(Image-caption web data)
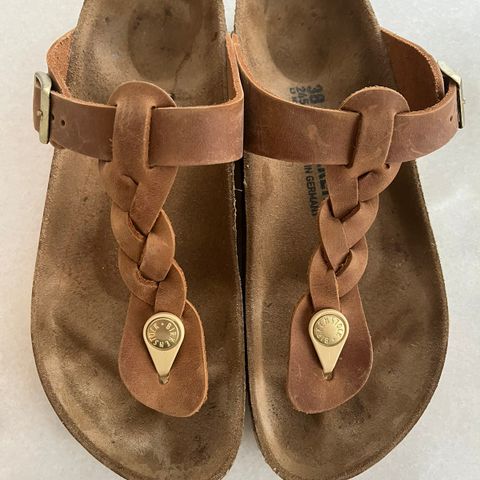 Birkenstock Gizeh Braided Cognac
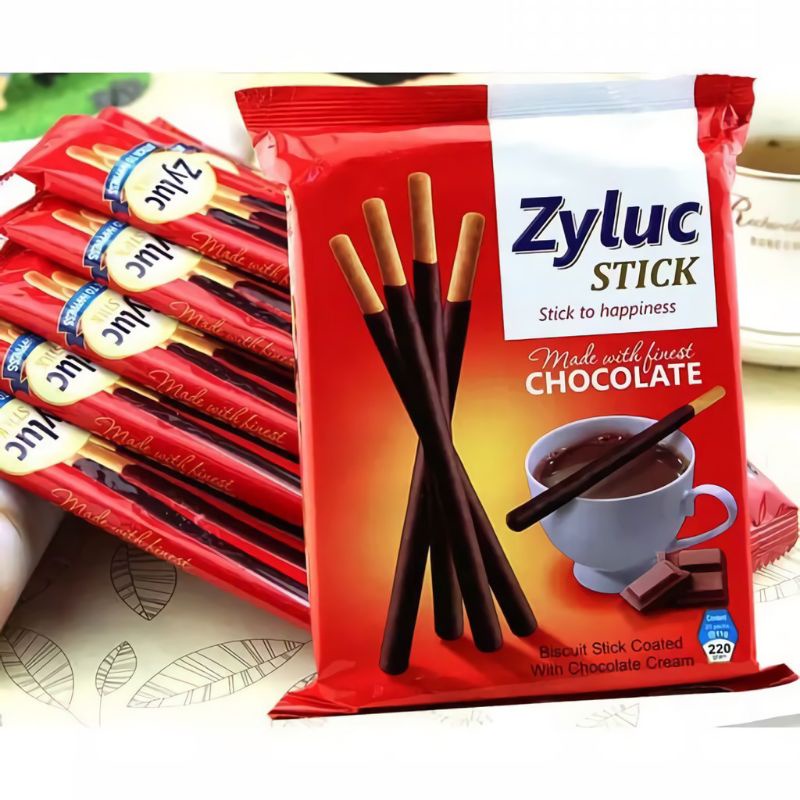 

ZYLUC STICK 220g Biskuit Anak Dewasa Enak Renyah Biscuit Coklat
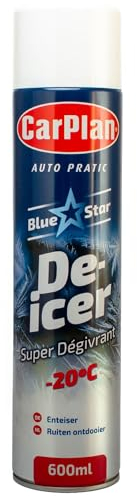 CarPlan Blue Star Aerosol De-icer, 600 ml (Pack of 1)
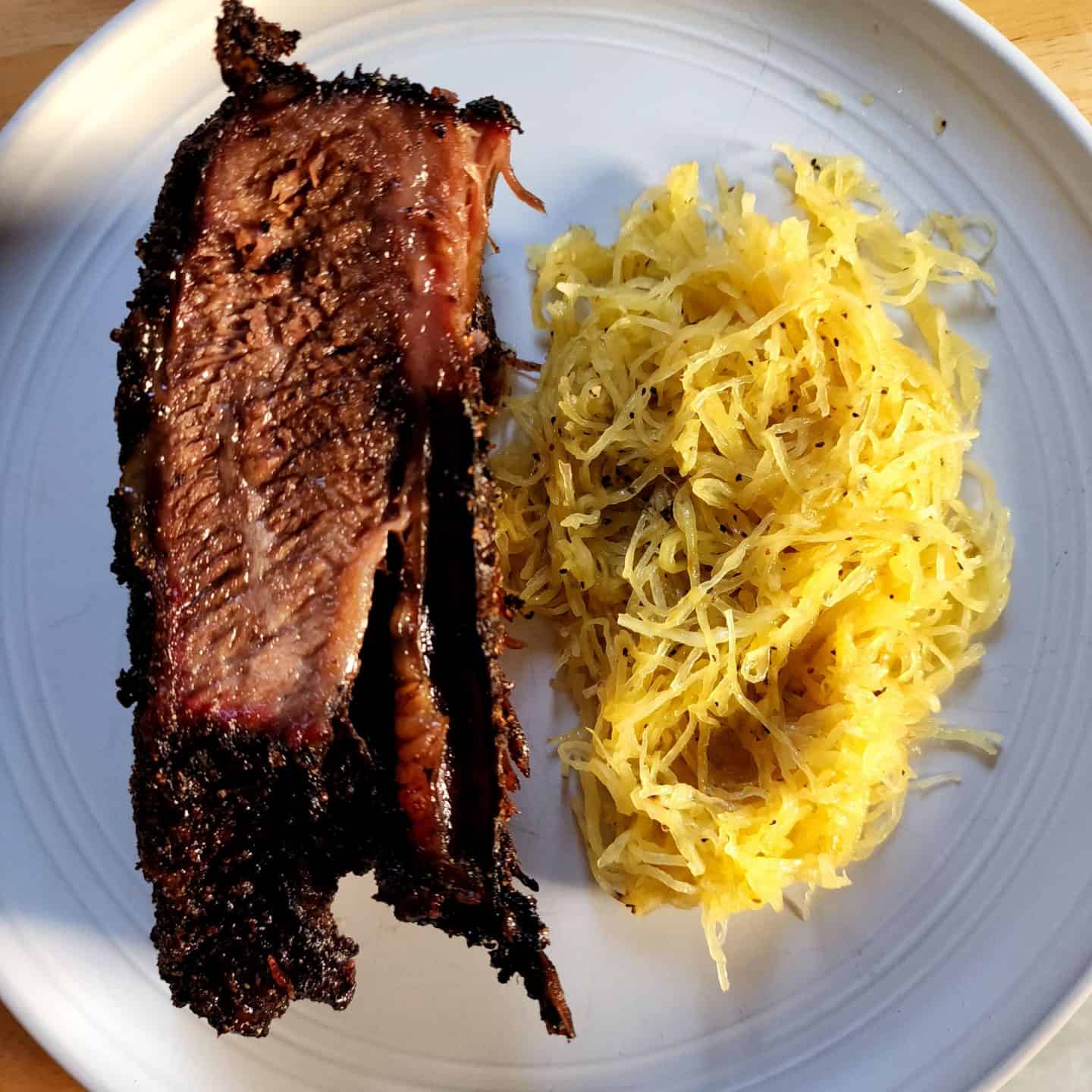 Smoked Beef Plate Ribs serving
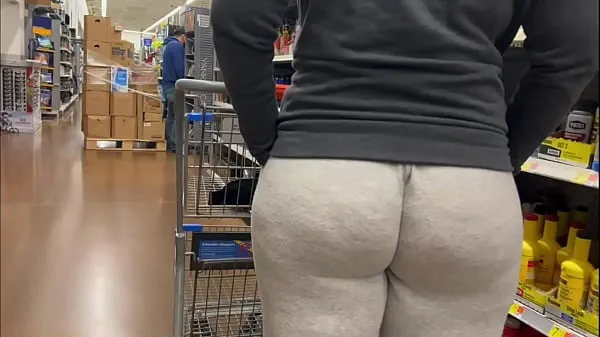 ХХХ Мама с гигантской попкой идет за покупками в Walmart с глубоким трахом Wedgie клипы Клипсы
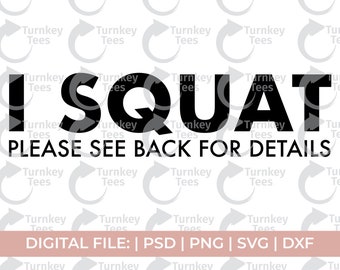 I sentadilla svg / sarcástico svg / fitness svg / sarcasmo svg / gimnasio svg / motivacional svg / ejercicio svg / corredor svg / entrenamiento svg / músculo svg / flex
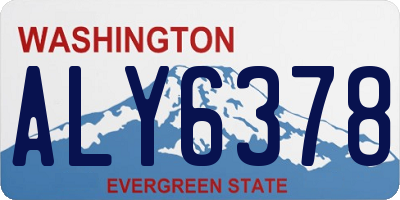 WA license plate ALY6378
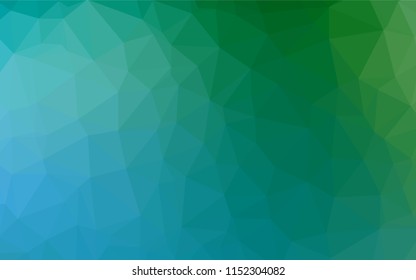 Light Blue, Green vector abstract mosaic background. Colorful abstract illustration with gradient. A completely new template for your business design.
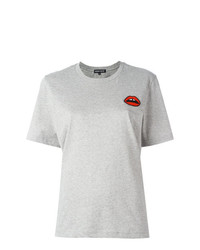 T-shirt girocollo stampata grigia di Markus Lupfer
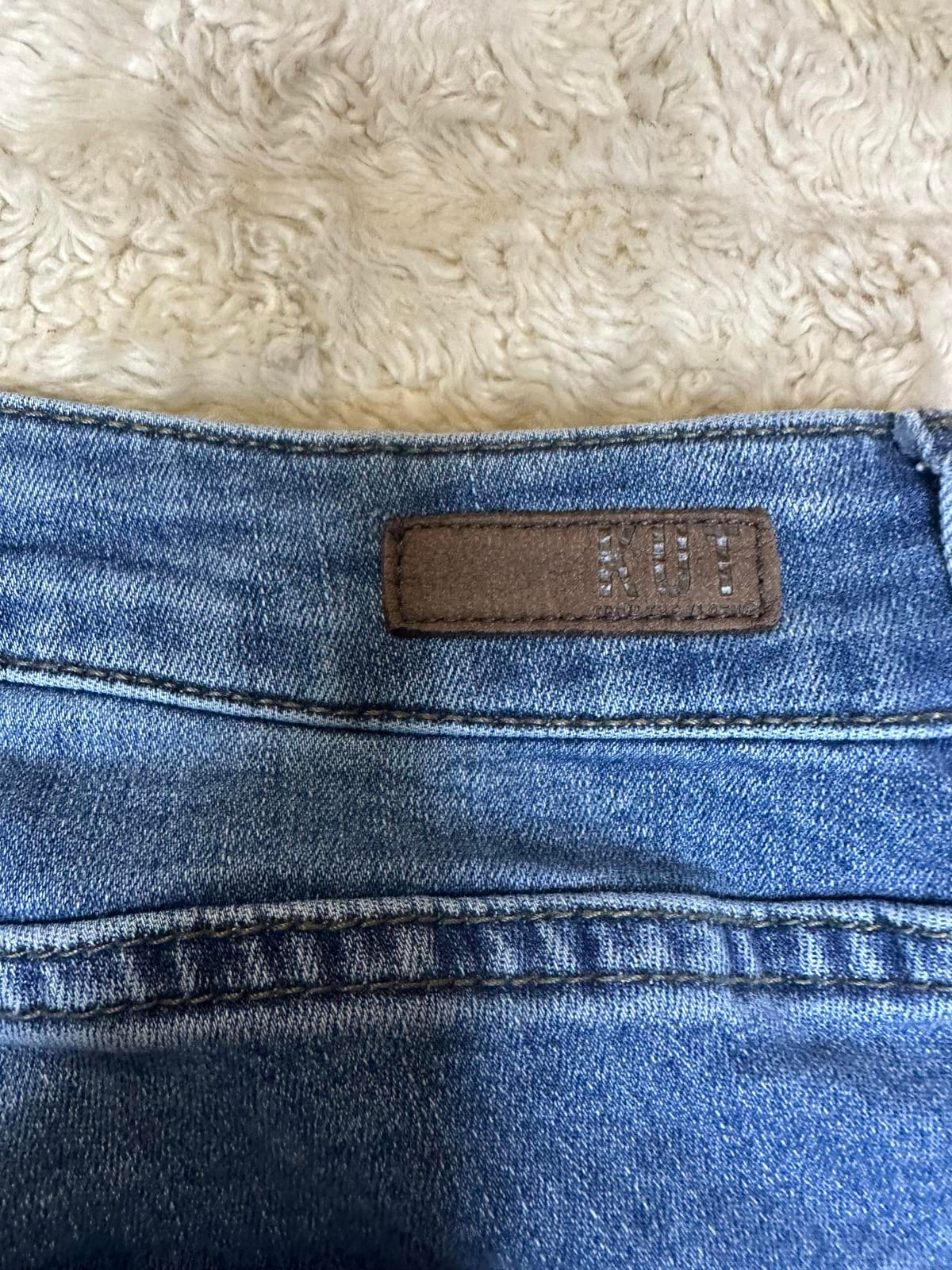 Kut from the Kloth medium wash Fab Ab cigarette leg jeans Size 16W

→ PROBLEM STATEMENT
Copy nothing but the lines above from the one with "ХХХ Мама с гигантской" to the one with "WA license plate ALY6378", inclusive, word for word. Leave every picture out.

→ WRITTEN RESPONSE
 ХХХ Мама с гигантской попкой идет за покупками в Walmart с глубоким трахом Wedgie клипы Клипсы
 I sentadilla svg / sarcástico svg / fitness svg / sarcasmo svg / gimnasio svg / motivacional svg / ejercicio svg / corredor svg / entrenamiento svg / músculo svg / flex
 WA license plate ALY6378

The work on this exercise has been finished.